--- SOURCE INFORMATION Enclosed Below ---

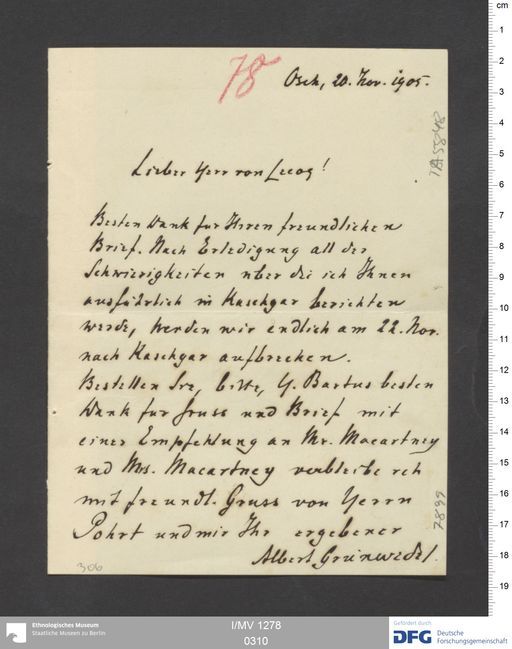 Acta XIX (Turfan) | (I/MV 1278 0310)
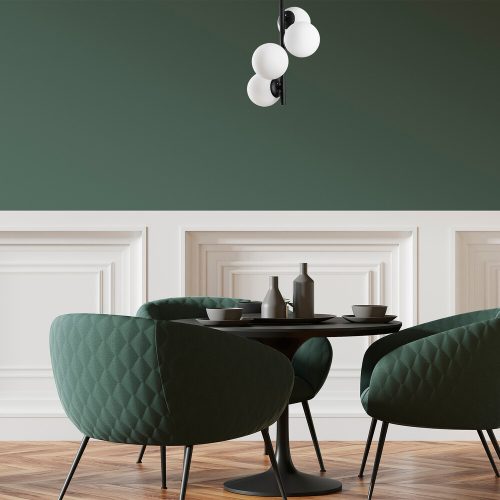 Elegant Black Wall Lamp, Metal Body, 10 x 12 cm, Height 100 cm, E14 Max 40W, IP20 | Glamorous Hotel-Style Lighting for Modern Spaces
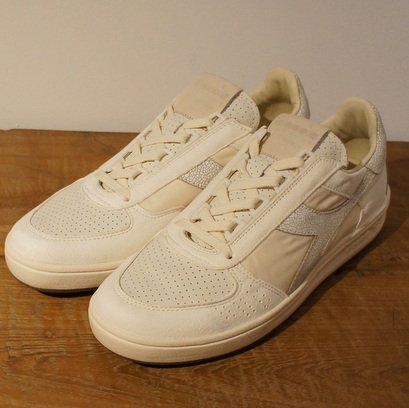 ディアドラ Ｂ．エリート ナイロン×レザースニーカー（ホワイト） - SO-KUTSU | The Finest import shoes for  men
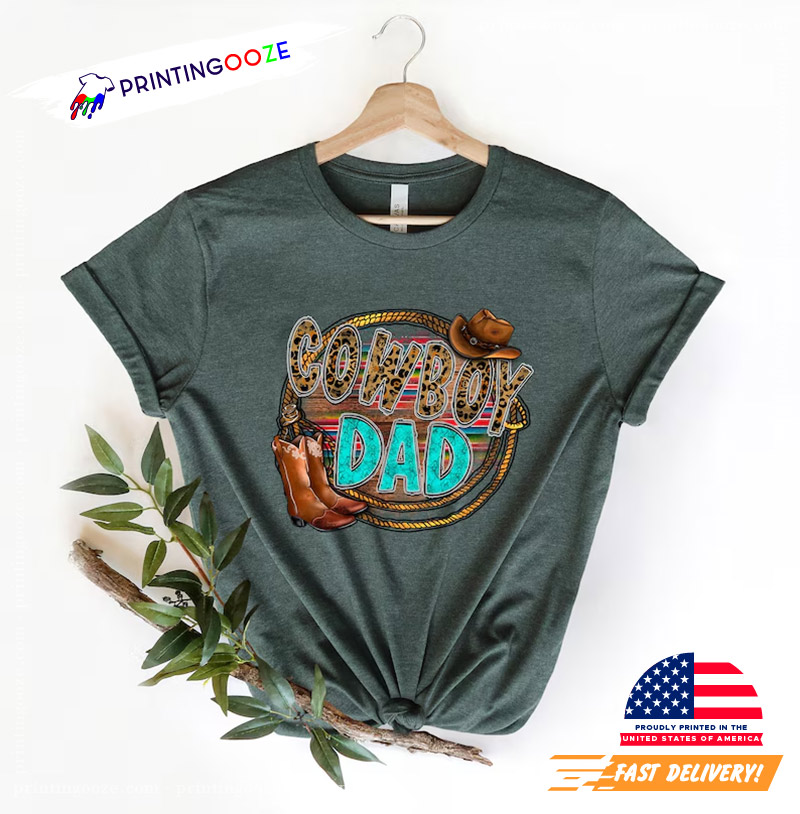 Cowboy Dad Vintage Comfort Colors T-shirt Cowboy Dad Vintage Comfort Colors T-shirt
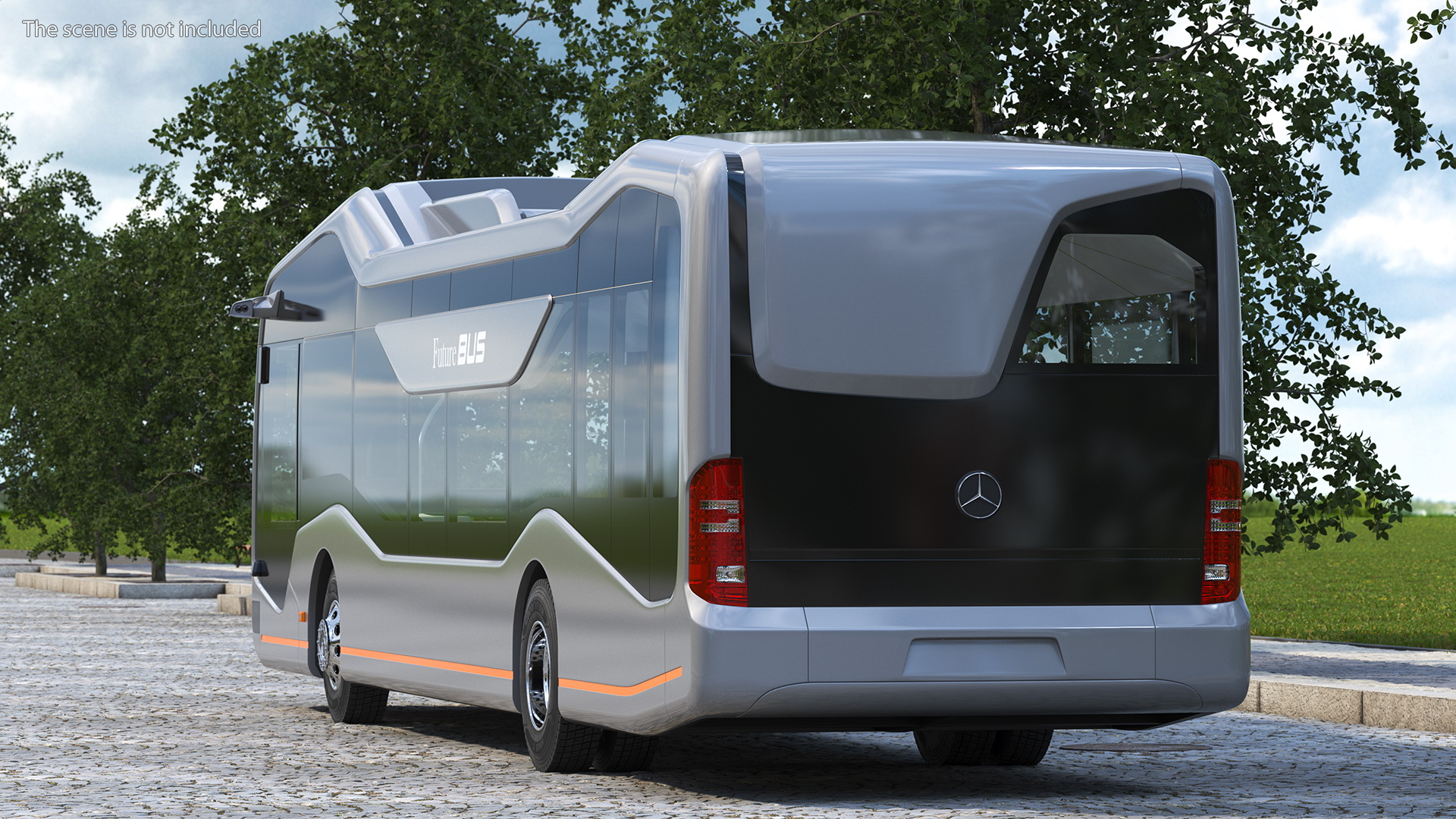 3D model Mercedes Future Bus Simple Interior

--- End of Enclosed SOURCE INFORMATION ---

ACTIVITY
Only the lines from the one containing "Cowboy Dad Vintage Comfort Colors T-shirt Cowboy" through the final line of the data are to be written out, exactly as they stand and without pictures.

WRITTEN SOLUTION
 Cowboy Dad Vintage Comfort Colors T-shirt Cowboy Dad Vintage Comfort Colors T-shirt
 3D model Mercedes Future Bus Simple Interior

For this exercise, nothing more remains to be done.